Оба эти постановления были сигналом к громким проклятьям, обрушившимся на меня во всей Европе с беспримерным неистовством. Все газеты, все журналы, все брошюры самым оглушительным образом забили в набат. Особенно французы – этот мягкий, вежливый, великодушный народ, гордящийся благопристойностью и вниманием по отношению к несчастным, – вдруг, позабыв основные свои добродетели, отличились количеством и жестокостью оскорблений, которыми щедро осыпали меня. Как только меня не называли! Нечестивец, атеист, одержимый, бесноватый, хищный зверь, волк… По поводу приписываемой мне волчьей натуры новый издатель «Газеты Треву» опубликовал бред, ясно обнаруживавший его собственную сущность. Право, можно было подумать, что в Париже боятся познакомиться с полицией, опубликовав сочиненье на любую тему без приправы в виде какого-нибудь оскорбления по моему адресу. Тщетно стараясь открыть причину этой единодушной вражды ко мне, я готов был подумать, что все сошли с ума. Как? Редактор «Вечного мира» сеет раздор? Человек, выпустивший «Савойского викария», – нечестивец? Автор «Новой Элоизы» – волк? Автор «Эмиля» – бесноватый? О господи! Кем бы я стал, если б опубликовал книгу «Об уме» или другое подобное произведение? А между тем в буре, поднявшейся против автора этой книги, публика не только не присоединила своего голоса к голосу его преследователей, но своими похвалами отмстила им за него. Пусть же сравнят его книгу с моими, пусть сравнят столь различный прием и обращение с обоими авторами во многих европейских государствах и подыщут для этих различий причины, способные удовлетворить человека разумного: вот все, чего я требую, и умолкаю.
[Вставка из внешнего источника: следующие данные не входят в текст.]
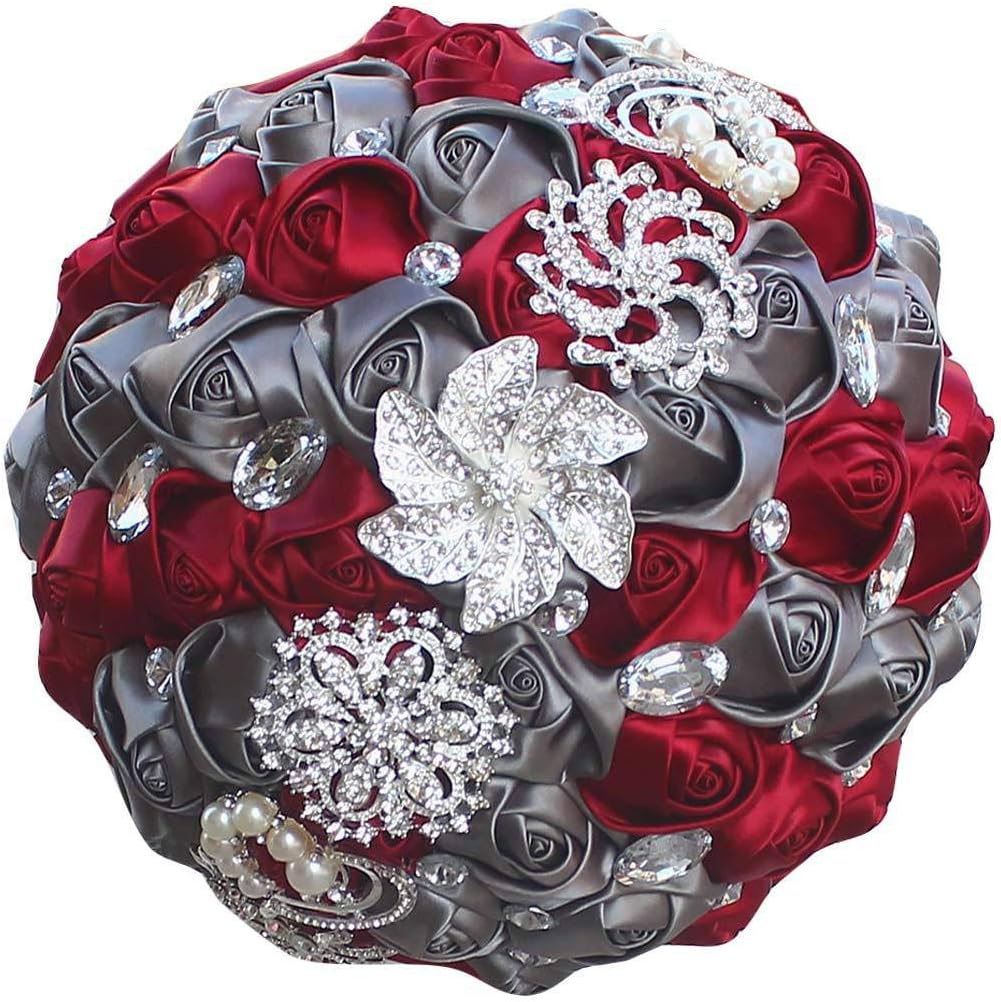 Wedding Bouquets Bride Bridal Bouquet Bridesmaid Holding Flower for Party Church Decor (Dark Red Grey)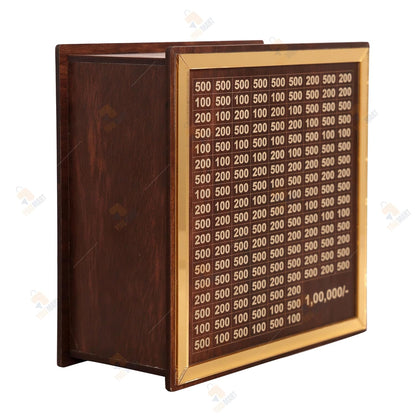 Wooden piggy bank from brand 16079, featuring a classic money bank design with a coin slot on top.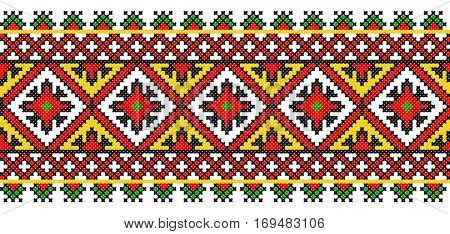 Embroidered old handmade cross-stitch ethnic Ukrainian pattern. Towel with ornament, called rushnyk in vector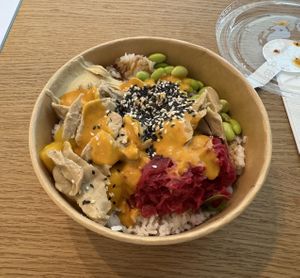 Vegan chicken bowl  at Fat Monk – Wien DC Tower in Vienna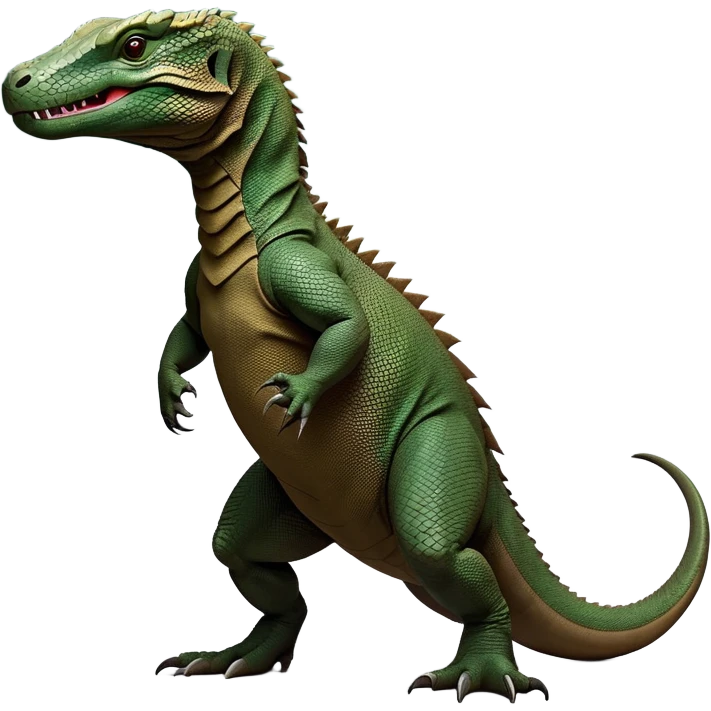 cinematic-komodo-dragon-realistic-full-body-standing-emoji,-massive-scaled-body-poised-with-quiet-power,-rough-textured-skin-dark-green-and-brown,-head-tilted-dramatically,-long-forked-tongue-flicking-out,-simplified-yet-realistic-focused-features,-highly-detailed,-glowing-with-an-almost-sarcastic-glow emoji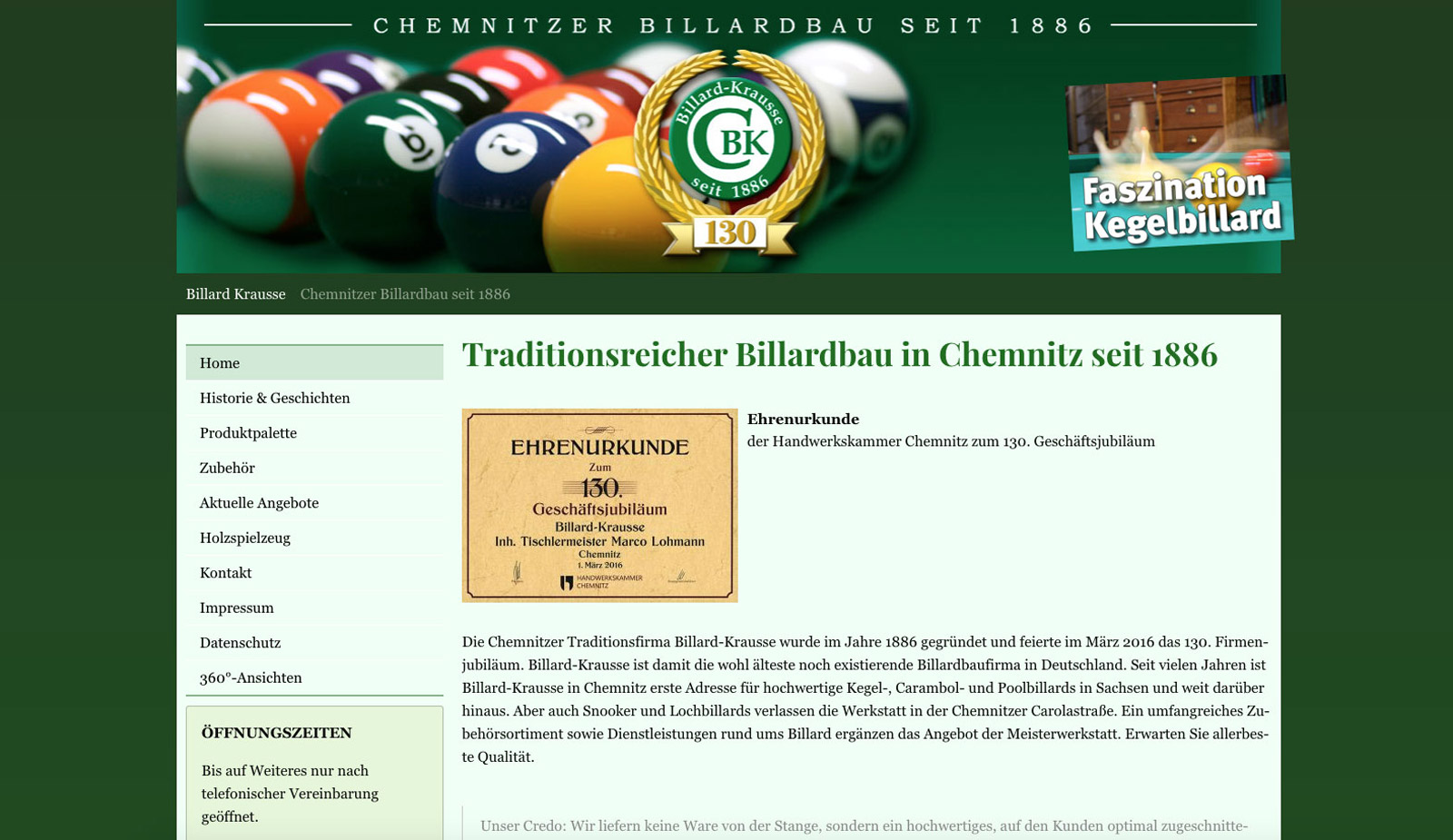 Website Billard Krausse von transparent Werbeagentur Chemnitz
Мне так понравилось в Ивердене, что я, по горячему настоянию Рогена и всей его семьи, принял решение там остаться. Г-н де Муари де Женжен, байи этого города, своим вниманием тоже побуждал меня остаться в управляемом им краю. Полковник так настаивал, чтобы я занял маленький флигель, находившийся у него в усадьбе между двором и садом, что я согласился, и он тотчас же принялся меблировать его и обставлять всем необходимым для моего маленького хозяйства. Сам Роген хлопотал больше всех и не отходил от меня с утра до ночи ни на минуту. Я был всегда чувствителен к его ласке и вниманию, но иногда он мне сильно надоедал. Уже был назначен день моего переселения во флигель, и я написал Терезе, чтобы она ехала ко мне, как вдруг я узнал, что в Берне против меня собирается гроза, которую приписывали ханжам и первопричину которой я так и не мог понять. Сенат, неизвестно кем подстрекаемый, как будто решил не давать мне покоя в моем убежище. При первом же известии об этом волнении байи написал в мою защиту нескольким членам правительства, коря их за слепую нетерпимость и стыдя за намерение отказать в приюте преследуемому, но достойному человеку, тогда как столько преступников находят убежище в их стране. Некоторые благоразумные люди полагали, что горячность его упреков скорее ожесточила, чем смягчила умы. Как бы ни было, ни вес, ни красноречие моего защитника не могли отразить удара. Предупрежденный о приказе, который ему придется мне объявить, он заранее сообщил мне о нем, и, чтобы не ждать этого приказа, я решил уехать на другой же день. Затруднение было лишь в том, куда ехать; Женева и Франция были для меня закрыты, и легко было предвидеть, что в этом деле каждая страна поспешит последовать примеру своей соседки.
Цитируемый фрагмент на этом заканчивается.